‘Because it could trip up teachers’
Hambrook Primary School has banned 7-year-old Lilly-Grace Hooper from using her walking cane because there is a ‘health and safety’ risk. The girl from North Bristol was left blind in her right eye and only able to see colors in her left eye after she suffered a stroke when she was just four days old.
Earlier this year a charity called Common Sense Cane was able to donate Grace a fibreglass walking cane after she started using cardboard tubes to guide herself at home last year around December.
The little girl, who is a keen ballet dancer, had just started gaining her own independence while walking around the school grounds with her walking cane.
A video which her mother took shows just how much Grace became dependent on her cane.
She was told by the school that her walking cane posed a risk to others around her after a safety assessment. They added on that she should have full adult support at all times and to just “walk carefully over all surfaces’.
This is what mother Kristy had to say about it:
‘When the school told me she can no longer bring her cane into school, I just thought this must be health and safety gone mad.
‘She hasn’t had any problems with any of the other students, and none of the parents have complained about it – in fact, they have all been very supportive.
‘I don’t understand where the school is coming from…Lily-Grace has taken to the cane very quickly, and she needs it as she travels to school, walks to the playground, or just being in school…I am absolutely livid. What about the health and safety of my girl?
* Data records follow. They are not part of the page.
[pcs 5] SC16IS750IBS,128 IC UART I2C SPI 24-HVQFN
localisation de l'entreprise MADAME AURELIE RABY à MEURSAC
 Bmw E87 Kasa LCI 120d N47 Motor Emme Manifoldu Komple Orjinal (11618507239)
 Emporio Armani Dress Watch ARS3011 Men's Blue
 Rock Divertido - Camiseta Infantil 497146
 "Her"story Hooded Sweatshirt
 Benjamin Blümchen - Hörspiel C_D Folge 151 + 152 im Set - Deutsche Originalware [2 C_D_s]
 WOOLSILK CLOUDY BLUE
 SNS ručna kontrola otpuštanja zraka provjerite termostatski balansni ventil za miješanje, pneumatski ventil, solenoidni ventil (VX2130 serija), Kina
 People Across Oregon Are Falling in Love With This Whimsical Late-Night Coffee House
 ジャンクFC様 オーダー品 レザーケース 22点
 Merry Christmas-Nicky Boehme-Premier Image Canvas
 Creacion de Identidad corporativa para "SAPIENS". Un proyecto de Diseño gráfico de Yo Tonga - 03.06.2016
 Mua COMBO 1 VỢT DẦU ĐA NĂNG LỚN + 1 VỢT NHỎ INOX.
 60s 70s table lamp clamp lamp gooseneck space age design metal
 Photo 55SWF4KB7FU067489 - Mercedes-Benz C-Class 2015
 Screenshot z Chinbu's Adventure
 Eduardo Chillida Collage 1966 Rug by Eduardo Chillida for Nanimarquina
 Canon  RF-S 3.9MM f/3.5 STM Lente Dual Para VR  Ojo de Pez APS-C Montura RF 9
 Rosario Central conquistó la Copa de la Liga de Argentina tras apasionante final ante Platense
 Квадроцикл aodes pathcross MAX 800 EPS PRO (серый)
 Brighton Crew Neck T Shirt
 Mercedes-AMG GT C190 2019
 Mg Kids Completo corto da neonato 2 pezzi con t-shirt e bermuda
I like the school, they are a good school, but this really is very poor advice.
‘It’s just ridiculous. If you took a walking cane away from a blind adult, you would say that was discrimination. It’s the same here.’
The founder of Common Sense Canese, Sarah Murray, who donated a stick to Lily-Grace, calls it ‘absolute nonsense’.
She added on, ‘I’ve heard about this health and safety reasons, and I just cannot fathom what the school is thinking. Why are they taking a cane away from a little girl?’
Blind Children UK, a charity for vision-impaired children, also added on that it was imperative a child learned independence from a young age.
That, ‘Using a cane teaches a child to keep themselves safe and can help them to become less reliant on others.
‘While a cane may not be suitable for every child or young person with sight loss, if they are taught how to use it by a trained habilitation specialist, then, in general, there shouldn’t be an issue with using one safely around school.’
Ms Hooper is now worried her daughter will become dependent on having someone show her around, and a helper would set her daughter apart from the rest of her class.
She added: ‘It is a disability, but I want to celebrate it and make sure she can become independent.’
Jo Dent, the school head, said that they would discuss the situation with the family.
She said: ‘The school’s mobility officer raised health and safety issues around the new cane following a recent risk assessment.
‘We have to consider all of our pupils, so it is important that we have an opportunity to discuss the situation before we make any decisions.
‘We are very keen to resolve this issue as soon as possible and have been actively seeking to engage with the parent to bring this to an agreeable conclusion.
‘The pupil has not been banned from bringing in their cane, we have simply asked them to not use it around school as a temporary measure until we have the chance to meet with the parent and discuss the situation.
‘It was initially hoped that we would have this resolved within a day or two.’